To do
From the entries below, return exactly the lines beginning at the one that contains "Shipping Guide for" and ending at the one that contains "微信图片_20260704201922_1072_13_副本", both of them included, and only those lines.

Recorded data:
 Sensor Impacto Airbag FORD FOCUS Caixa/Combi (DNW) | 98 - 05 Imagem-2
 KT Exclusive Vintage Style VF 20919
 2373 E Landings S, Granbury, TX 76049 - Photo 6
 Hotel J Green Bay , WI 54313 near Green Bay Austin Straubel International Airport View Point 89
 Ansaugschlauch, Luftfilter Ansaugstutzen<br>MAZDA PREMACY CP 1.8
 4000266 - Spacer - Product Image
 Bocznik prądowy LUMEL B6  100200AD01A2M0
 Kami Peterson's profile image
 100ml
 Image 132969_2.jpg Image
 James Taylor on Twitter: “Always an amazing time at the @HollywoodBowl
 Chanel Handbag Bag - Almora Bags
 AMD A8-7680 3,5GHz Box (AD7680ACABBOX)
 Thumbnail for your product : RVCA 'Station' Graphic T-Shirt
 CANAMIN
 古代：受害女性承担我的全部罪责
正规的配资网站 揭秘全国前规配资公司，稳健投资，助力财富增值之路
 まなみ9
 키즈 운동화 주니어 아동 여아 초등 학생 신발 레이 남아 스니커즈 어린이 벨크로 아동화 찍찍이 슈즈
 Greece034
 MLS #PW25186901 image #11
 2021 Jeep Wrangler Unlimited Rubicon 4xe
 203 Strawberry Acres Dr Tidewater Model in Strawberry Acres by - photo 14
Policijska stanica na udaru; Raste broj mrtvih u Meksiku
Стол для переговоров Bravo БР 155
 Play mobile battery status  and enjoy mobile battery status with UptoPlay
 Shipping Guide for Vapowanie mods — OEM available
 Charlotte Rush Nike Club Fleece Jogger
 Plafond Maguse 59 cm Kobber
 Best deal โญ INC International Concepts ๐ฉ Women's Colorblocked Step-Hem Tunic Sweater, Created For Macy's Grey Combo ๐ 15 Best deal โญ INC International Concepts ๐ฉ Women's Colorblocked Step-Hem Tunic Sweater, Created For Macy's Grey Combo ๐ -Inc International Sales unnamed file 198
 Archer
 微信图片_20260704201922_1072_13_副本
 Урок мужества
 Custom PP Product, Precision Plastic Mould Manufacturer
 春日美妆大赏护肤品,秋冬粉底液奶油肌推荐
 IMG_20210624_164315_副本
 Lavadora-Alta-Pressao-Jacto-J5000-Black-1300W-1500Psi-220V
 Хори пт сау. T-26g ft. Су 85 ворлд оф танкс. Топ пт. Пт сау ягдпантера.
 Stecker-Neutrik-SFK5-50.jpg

Answer area
 Shipping Guide for Vapowanie mods — OEM available
 Charlotte Rush Nike Club Fleece Jogger
 Plafond Maguse 59 cm Kobber
 Best deal โญ INC International Concepts ๐ฉ Women's Colorblocked Step-Hem Tunic Sweater, Created For Macy's Grey Combo ๐ 15 Best deal โญ INC International Concepts ๐ฉ Women's Colorblocked Step-Hem Tunic Sweater, Created For Macy's Grey Combo ๐ -Inc International Sales unnamed file 198
 Archer
 微信图片_20260704201922_1072_13_副本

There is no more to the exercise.